China and the United States have taken a small but significant step together towards reducing their energy consumption and greenhouse-gas emissions. On 2 September, US energy secretary Steven Chu announced the first projects of a bilateral programme, the US–China Clean Energy Research Center (CERC). Those involved admit that its US$150-million budget is a tiny fraction of what will be needed to address both nations' growing energy demands, but say that it is important both as a symbolic effort, and because it paves the way for future collaboration.

CERC will have headquarters in each country and aims to develop and commercialize new technologies through public–private consortia. The first projects include a clean-vehicles collaboration, led by the University of Michigan in Ann Arbor, and involving major vehicle manufacturers; and a 'clean carbon' project led by West Virginia University in Morgantown, which will include efforts to trap emissions from coal-fired power stations using carbon capture and storage (CCS) systems. "Both countries rely heavily on coal resources," says Jerald Fletcher, director of the Natural Resource Analysis Center at West Virginia University and leader of the clean-carbon collaboration. "It is imperative that the United States and China, the two largest energy users and greenhouse-gas emitters, work together to address these issues."

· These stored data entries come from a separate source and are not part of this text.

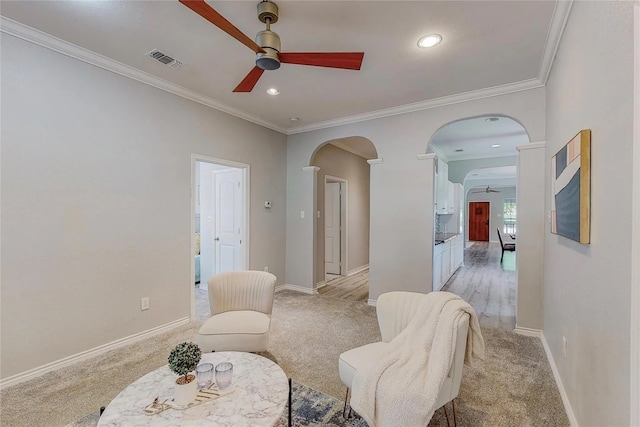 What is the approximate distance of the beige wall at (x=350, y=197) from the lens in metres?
5.18

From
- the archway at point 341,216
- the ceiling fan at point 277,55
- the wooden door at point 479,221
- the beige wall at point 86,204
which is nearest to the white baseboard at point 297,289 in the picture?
the archway at point 341,216

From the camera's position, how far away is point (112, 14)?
2107 mm

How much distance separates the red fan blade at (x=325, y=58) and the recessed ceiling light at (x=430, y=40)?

A US consortium in clean buildings will be announced this autumn, and China is expected to announce parallel consortia in the same three fields soon. Each of the six consortia will receive $12.5 million from the respective governments, to be matched by consortium members.

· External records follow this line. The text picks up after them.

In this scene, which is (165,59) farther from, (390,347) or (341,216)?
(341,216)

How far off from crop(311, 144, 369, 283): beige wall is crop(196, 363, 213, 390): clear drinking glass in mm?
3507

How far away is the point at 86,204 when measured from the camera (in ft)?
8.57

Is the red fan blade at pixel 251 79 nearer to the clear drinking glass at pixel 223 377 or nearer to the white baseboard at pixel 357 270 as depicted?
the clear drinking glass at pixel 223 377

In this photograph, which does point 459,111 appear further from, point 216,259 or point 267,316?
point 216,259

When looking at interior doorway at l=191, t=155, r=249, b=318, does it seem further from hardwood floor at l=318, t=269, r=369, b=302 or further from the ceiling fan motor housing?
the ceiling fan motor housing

Dennis Assanis, director of the Michigan Memorial Phoenix Energy Institute and leader of the clean-vehicle project, says the two countries bring complementary skills. "Universities in the United States are known for high-calibre research and for demonstrating technology in the laboratory. Universities in China are strong at demonstrating technologies in full-vehicle prototypes," he says. "Because the United States and China are the biggest producers of vehicles globally, solutions we develop to make transportation more environmentally friendly will make the biggest contribution to the environment."

"For the past decade, China has been saying, 'we want to do more joint research, we want you to come in and pay half'," says Deborah Seligsohn, a Beijing-based analyst for the World Resources Institute. "Someone finally took them up on it."

On the US side, planners hope that the projects will give a boost to green industries. According to Who's Winning the Clean Energy Race?, a March report from the Pew Charitable Trusts — non-profit policy analysts in Washington DC — China became the biggest investor in clean energy in 2009 (see ). Most of this money was spent on wind- and solar-power infrastructure; China already leads the world in manufacturing these components (see Nature 457, 372–374; 2009).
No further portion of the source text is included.